The Newt Gingrich candidacy for President is a cynical practical joke. He is not a serious presidential candidate. He is a recognizable figure promoting himself for personal gain, to sell his books and indulge in some fantasy about a future Republican presidential administration, just not anytime soon. His only viability is to make Mitt Romney seem a more reasonable and safer candidate. Gingrich is the spice in an otherwise bland stew. The only expectation of him is for self-destruction within the next eleven months. It is not for him to become the President of the United States in 2012 and it never has been. It is for him to make more money.

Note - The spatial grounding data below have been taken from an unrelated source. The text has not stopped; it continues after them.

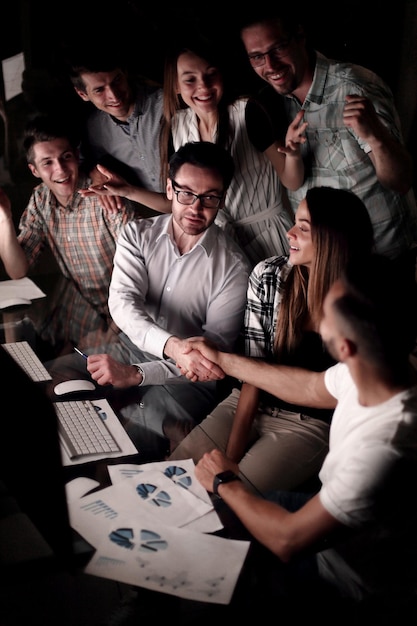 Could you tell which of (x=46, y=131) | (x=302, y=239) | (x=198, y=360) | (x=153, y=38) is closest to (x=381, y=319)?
(x=302, y=239)

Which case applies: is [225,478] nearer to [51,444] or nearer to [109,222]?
[51,444]

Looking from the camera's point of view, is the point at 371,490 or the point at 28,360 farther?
the point at 28,360

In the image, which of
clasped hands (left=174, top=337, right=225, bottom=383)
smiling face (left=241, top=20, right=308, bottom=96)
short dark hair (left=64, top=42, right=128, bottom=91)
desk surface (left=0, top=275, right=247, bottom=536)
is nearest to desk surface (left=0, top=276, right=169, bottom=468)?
desk surface (left=0, top=275, right=247, bottom=536)

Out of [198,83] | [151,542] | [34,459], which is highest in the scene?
[198,83]

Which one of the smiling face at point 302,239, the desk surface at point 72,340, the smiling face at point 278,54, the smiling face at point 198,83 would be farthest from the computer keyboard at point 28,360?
the smiling face at point 278,54

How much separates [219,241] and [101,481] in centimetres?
100

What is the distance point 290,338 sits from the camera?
211cm

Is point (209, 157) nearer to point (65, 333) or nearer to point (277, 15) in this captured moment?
point (277, 15)

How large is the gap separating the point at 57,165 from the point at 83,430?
104cm

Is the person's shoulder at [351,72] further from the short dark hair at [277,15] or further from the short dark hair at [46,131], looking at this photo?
the short dark hair at [46,131]

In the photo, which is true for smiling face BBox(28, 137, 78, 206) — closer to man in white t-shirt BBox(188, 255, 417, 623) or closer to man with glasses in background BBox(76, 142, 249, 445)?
man with glasses in background BBox(76, 142, 249, 445)

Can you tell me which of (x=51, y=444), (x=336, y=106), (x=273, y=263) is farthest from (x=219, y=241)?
(x=51, y=444)

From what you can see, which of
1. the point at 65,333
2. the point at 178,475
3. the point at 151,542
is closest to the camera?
the point at 151,542

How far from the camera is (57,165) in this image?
2.45 m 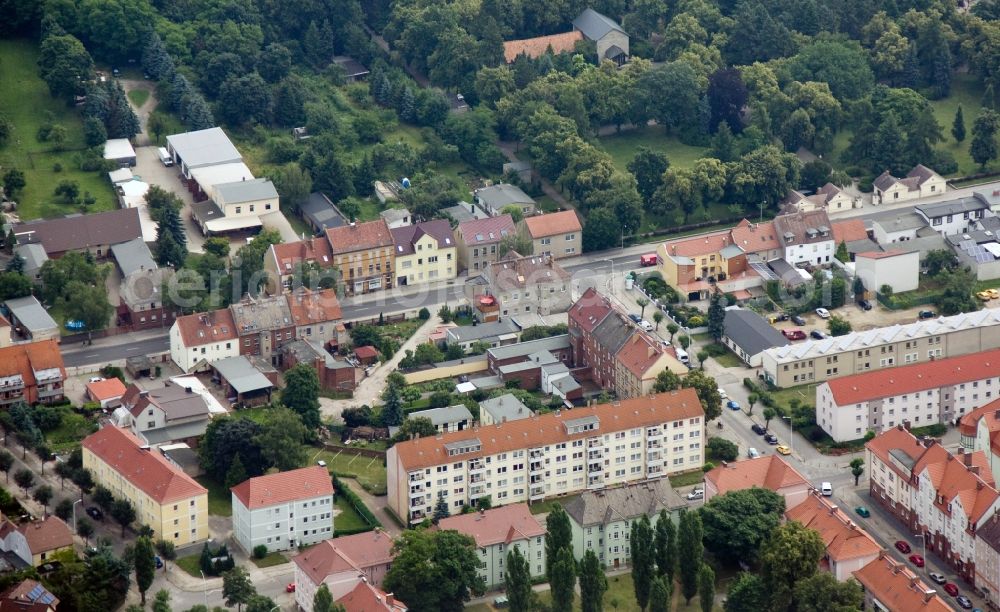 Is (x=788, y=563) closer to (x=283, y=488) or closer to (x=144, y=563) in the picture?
(x=283, y=488)

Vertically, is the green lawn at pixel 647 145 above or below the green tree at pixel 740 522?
below

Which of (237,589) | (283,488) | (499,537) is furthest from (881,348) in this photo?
(237,589)

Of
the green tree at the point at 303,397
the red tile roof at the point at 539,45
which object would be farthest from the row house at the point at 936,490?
the red tile roof at the point at 539,45

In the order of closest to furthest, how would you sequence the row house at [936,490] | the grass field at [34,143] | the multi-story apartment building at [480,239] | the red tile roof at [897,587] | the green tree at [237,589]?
the red tile roof at [897,587] < the green tree at [237,589] < the row house at [936,490] < the multi-story apartment building at [480,239] < the grass field at [34,143]

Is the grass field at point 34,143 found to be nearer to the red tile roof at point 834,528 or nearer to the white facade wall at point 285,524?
the white facade wall at point 285,524

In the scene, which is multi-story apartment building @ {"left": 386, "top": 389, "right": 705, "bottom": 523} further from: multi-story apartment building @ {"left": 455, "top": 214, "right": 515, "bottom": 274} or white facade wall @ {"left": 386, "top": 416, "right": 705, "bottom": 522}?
multi-story apartment building @ {"left": 455, "top": 214, "right": 515, "bottom": 274}

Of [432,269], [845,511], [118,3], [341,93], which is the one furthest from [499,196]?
[845,511] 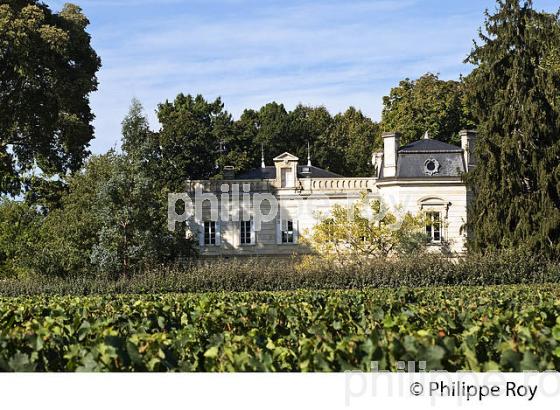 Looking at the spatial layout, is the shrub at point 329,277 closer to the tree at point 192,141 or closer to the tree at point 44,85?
the tree at point 44,85

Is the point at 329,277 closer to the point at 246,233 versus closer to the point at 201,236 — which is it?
the point at 246,233

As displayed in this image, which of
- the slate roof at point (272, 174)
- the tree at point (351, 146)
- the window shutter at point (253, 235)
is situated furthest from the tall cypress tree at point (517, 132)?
the tree at point (351, 146)

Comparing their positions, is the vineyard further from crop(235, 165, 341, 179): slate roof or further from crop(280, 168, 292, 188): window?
crop(235, 165, 341, 179): slate roof

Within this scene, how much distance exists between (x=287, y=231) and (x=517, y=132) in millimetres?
16703

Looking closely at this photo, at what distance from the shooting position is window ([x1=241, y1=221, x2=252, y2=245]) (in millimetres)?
54156

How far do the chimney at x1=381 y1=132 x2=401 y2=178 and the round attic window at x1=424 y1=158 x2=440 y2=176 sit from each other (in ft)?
5.32

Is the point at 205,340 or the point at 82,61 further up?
the point at 82,61

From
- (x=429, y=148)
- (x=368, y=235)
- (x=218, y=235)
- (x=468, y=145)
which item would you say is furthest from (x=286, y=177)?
(x=468, y=145)

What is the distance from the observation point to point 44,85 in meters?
41.4

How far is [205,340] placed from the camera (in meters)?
12.8

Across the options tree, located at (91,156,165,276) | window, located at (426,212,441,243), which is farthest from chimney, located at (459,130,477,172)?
tree, located at (91,156,165,276) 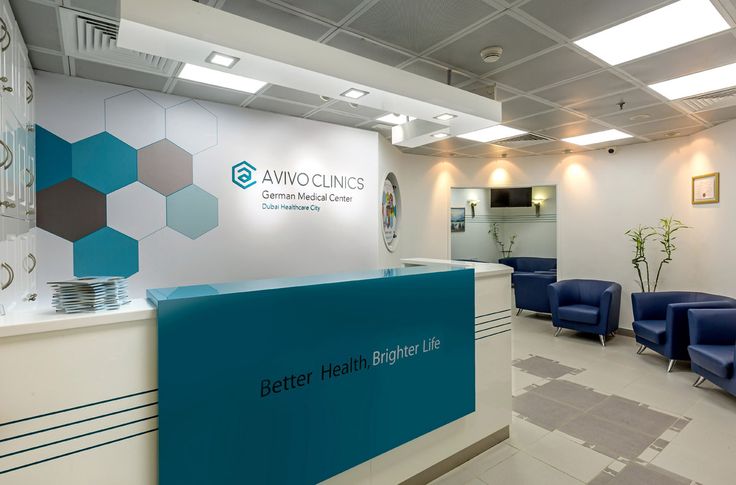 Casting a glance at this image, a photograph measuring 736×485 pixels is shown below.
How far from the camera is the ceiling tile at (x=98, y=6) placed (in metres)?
2.44

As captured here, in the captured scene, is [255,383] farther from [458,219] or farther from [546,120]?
[458,219]

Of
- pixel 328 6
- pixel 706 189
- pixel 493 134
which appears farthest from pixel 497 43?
pixel 706 189

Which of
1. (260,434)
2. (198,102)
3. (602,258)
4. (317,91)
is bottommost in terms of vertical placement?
(260,434)

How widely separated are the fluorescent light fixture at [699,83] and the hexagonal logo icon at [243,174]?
4.24m

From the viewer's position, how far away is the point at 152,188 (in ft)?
13.1

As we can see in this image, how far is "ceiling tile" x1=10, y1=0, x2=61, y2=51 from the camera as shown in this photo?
2471 mm

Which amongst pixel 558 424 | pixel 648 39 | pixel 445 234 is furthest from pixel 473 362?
pixel 445 234

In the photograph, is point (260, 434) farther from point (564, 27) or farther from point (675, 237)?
point (675, 237)

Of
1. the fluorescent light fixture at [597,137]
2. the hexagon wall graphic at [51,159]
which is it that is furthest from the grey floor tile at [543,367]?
the hexagon wall graphic at [51,159]

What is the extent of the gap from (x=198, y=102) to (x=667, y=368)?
632 cm

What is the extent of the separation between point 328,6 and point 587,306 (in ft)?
20.3

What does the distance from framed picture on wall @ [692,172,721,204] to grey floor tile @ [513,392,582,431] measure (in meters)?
4.02

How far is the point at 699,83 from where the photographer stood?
383 cm

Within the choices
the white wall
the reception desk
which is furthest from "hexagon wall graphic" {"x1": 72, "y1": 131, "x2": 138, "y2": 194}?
the white wall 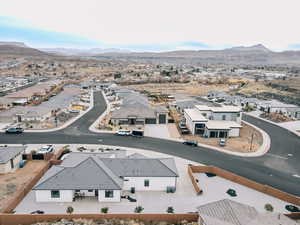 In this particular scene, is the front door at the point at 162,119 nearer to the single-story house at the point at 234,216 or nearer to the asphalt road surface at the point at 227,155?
the asphalt road surface at the point at 227,155

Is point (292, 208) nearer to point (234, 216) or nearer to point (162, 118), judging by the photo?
point (234, 216)

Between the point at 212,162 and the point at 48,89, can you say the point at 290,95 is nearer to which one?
the point at 212,162

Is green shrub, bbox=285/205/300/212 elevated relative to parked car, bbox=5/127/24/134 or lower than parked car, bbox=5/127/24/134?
lower

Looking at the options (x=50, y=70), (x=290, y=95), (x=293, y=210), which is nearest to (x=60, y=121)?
(x=293, y=210)

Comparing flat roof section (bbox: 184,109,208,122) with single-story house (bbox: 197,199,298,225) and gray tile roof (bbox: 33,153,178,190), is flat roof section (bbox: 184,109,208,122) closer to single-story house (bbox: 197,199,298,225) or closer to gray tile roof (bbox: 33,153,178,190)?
gray tile roof (bbox: 33,153,178,190)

But the Gingrich candidacy has shed light on other things about the post-Bush weaknesses of the Republican Party. There is no credible expectation for the GOP to win the national election against the incumbent Democratic president than there was when the Republican standard bearer was Senator John McCain. Media attention always follows shiny objects that move quickly in and out of headlines be it Herman Cain, Newt Gingrich or Michele Bachmann. Fame seekers are just fame seekers. There is no substance to them. Attracting attention does not count.

The 112th Congress has done so much to discredit the Republican Party that Gallup reports, “About three-quarters of registered voters (76%) say most members of Congress do not deserve re-election, the highest such percentage Gallup has measured in its 19-year history of asking this question.” How that GOP majority expects to run on its record of obstruction and be returned for another term as the majority party is wishful thinking. There is no record of accomplishment. There is only a documented record of opposition to a single person, President Barack Obama.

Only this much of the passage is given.